26 Different Endings. Photographs by Mark Power. Text by David Chandler. PhotoWorks, Brighton, 2007. 64 pp., 28 colour illustrations, 14¼x11¼". Publisher's
Description:
"In this new Photoworks publication, British photographer Mark Power returns to the dialogue between real and imaginary space that characterised his most successful book to date, The Shipping Forecast (1996). Once again the premise for this work has been a map and a sense of those invisible boundaries that help to form a strong and durable idea of place. In this case that place is the great sprawl of London, whose outer limits are, for most of us, defined by the extent of the A to Z road atlas. It is these outer zones – where, as the map suggests, the city thins out and then falls away into nothingness – that are the subject of Power’s photographs.

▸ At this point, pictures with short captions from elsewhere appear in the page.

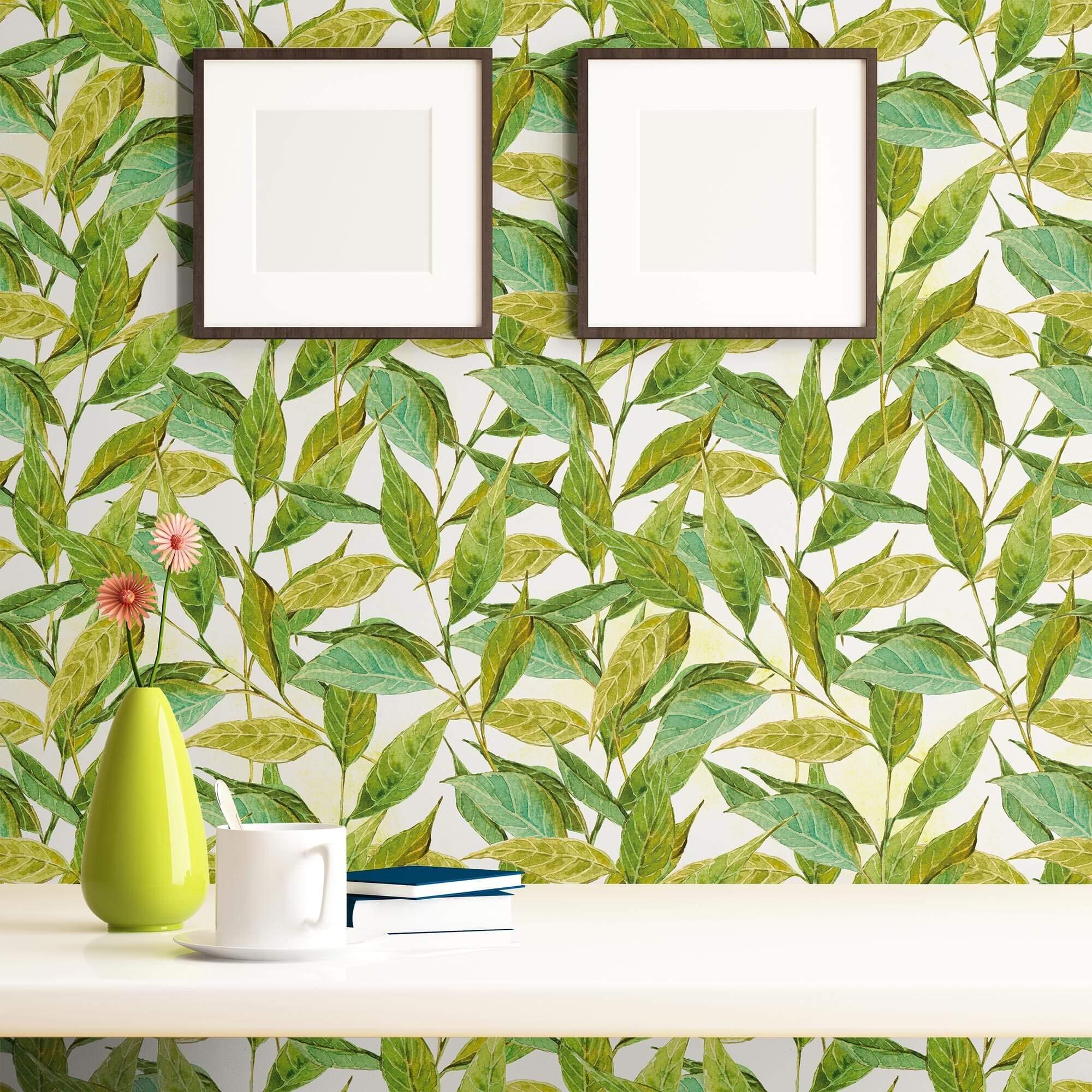 Green and Beige Leaf Floral Peel and Stick Removable Wallpaper - Self-Adhesive Decorative Wall Covering for Bedroom, Living Room, Nursery & Home Decor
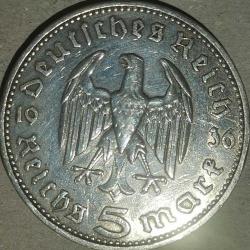 ALMANYA  1934  5  MARK  GÜMÜŞ 13,88 GRAM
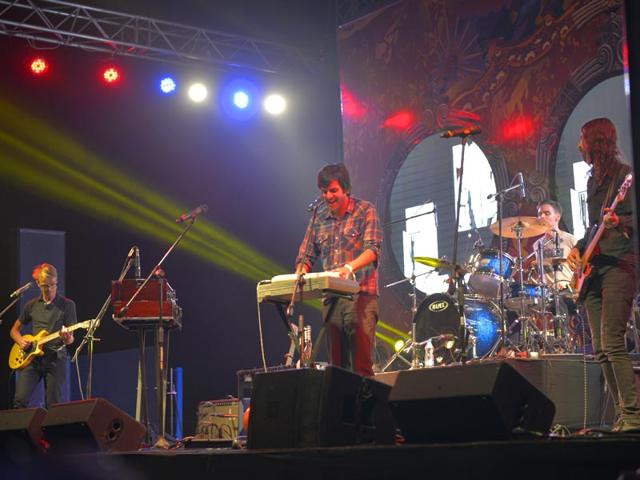Goldspot: A blend of New Jersey and New Delhi, US indie pop band Goldspot played on day two of Bacardi NH7 Weekender in Delhi. Goldspot: A blend of New Jersey and New Delhi, US indie pop band Goldspot played on day two of Bacardi NH7 Weekender in Delhi.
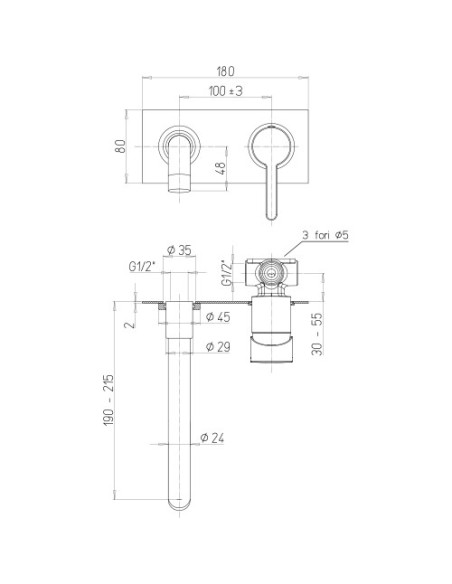 Rubinetto Jacuzzi a incasso con piastra per lavabo serie Sunset YO senza scarico per piletta click clack 0SUYO497JA03 nero op...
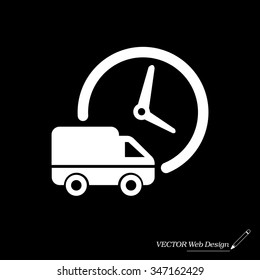 Fast delivery icon silhouette shipping truck isolated. vector illustration
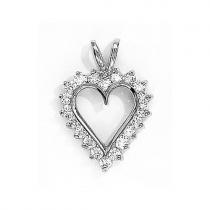 14K White Gold Diamond Heart Pendant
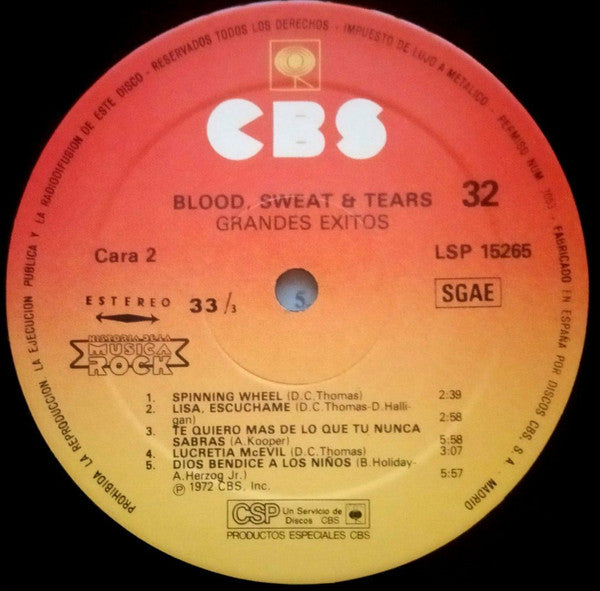 Blood, Sweat And Tears : Grandes Exitos (LP, Comp)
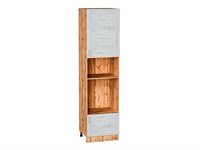 Шкаф пенал с 1-ой дверцей и ящиком под технику Лофт Дуб Вотан, Nordic Oak, 2340 В*Ш*Г 2336*600*576, фасад МДФ  Nordic Oak, корпус  Дуб Вотан ms2510VVT_63415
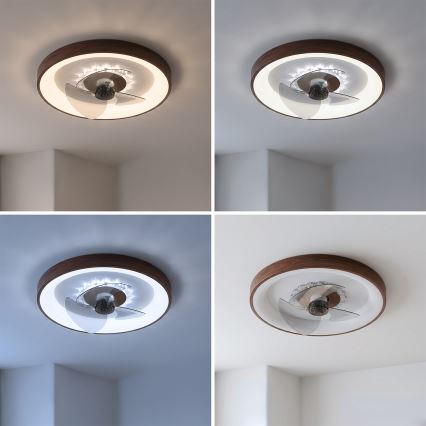 Brilagi - LED stropni ventilator s prigušavanjem LED/34W/230V 3000-6500K Ø 46 cm smeđi + daljinsko upravljanje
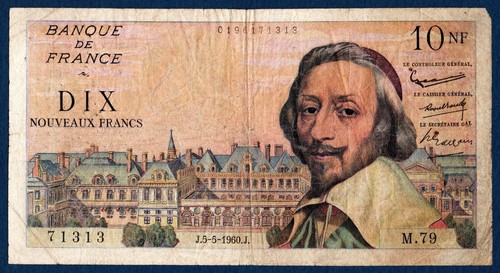 Billet nouveaux francs - 10,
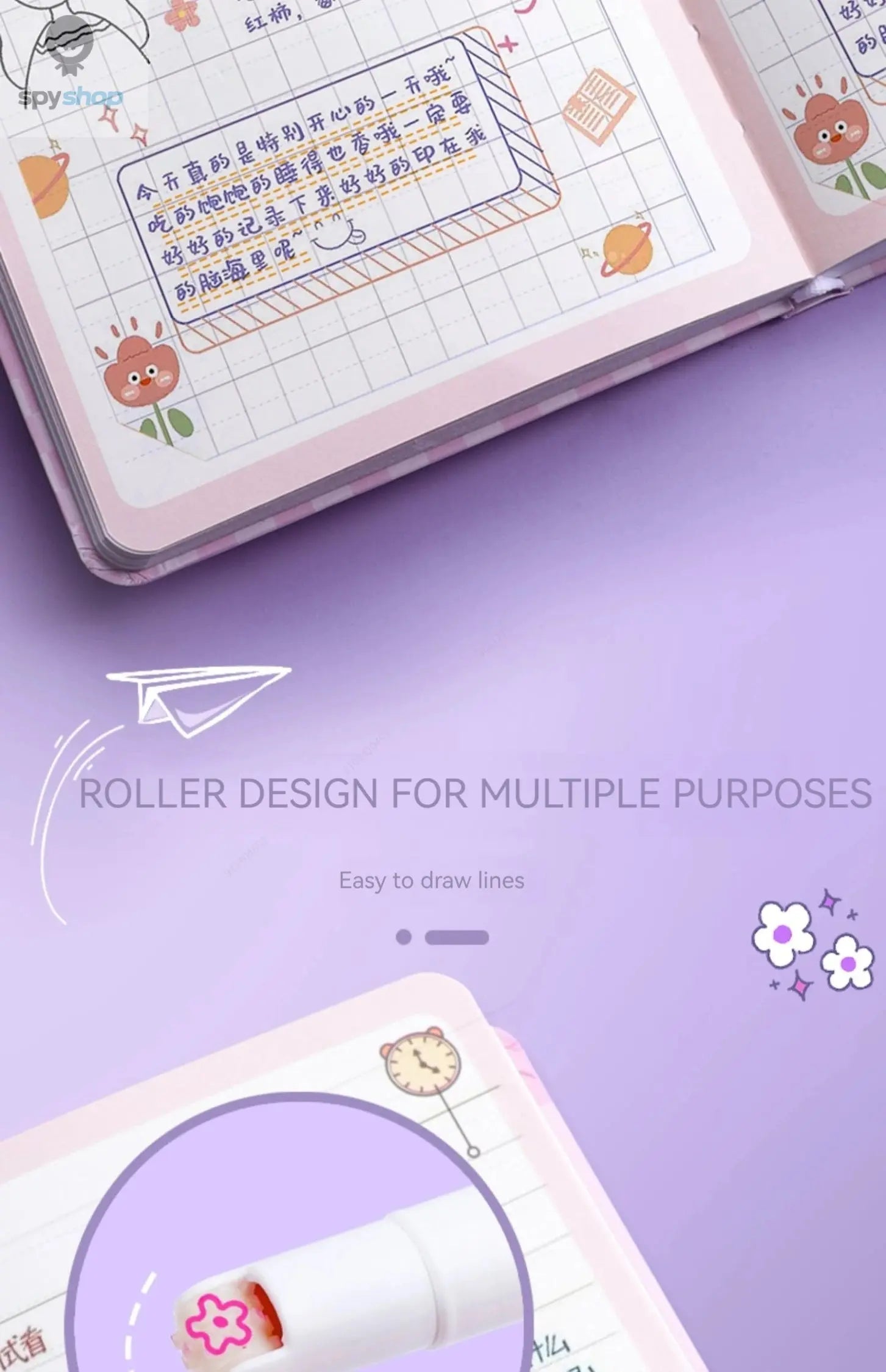 6Pcs/Set Flower Line Shape Highlighter Pen Roller Tip Curve Liner Marker Kawaii Korean Stationery School Office Supplies Gifts Spy-shop.com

Taking each page of the atlas as his guide Power has embarked on an epic quest into a kind of local unknown, a voyage into a form of melancholy emptiness where the energies of the city evaporate into a strange kind of inertia. Like The Shipping Forecast before it, 26 Different Endings is a project still deeply concerned with the weather, with the everyday drabness of places resigned to their climate of indistinction, where a condition of greyness has become the condition of life.
26 Different Endings is a report about what appears to be a deeply traumatised place. It is also about a state of mind that Power has become entranced by, one conditioned by flat white skies and a generous expanse of pebble dash, an overbuilt environment where all buildings, new and old, look something like ruins. David Chandler’s autobiographical short story, written in response to Power’s pictures, delves deeper into this state of mind, drawing on a vivid picture of both the emotional and physical landscape of his childhood.
In many ways, as Chandler suggests, Mark Power has photographed places of exile, and perhaps its psychology, too. 26 Different Endings presents places where the city’s vanquished have retreated to, where those who lived through the Blitz are happy to survive on supermarkets and soap operas, and where subsequent generations have become accustomed to not really knowing where or who they are."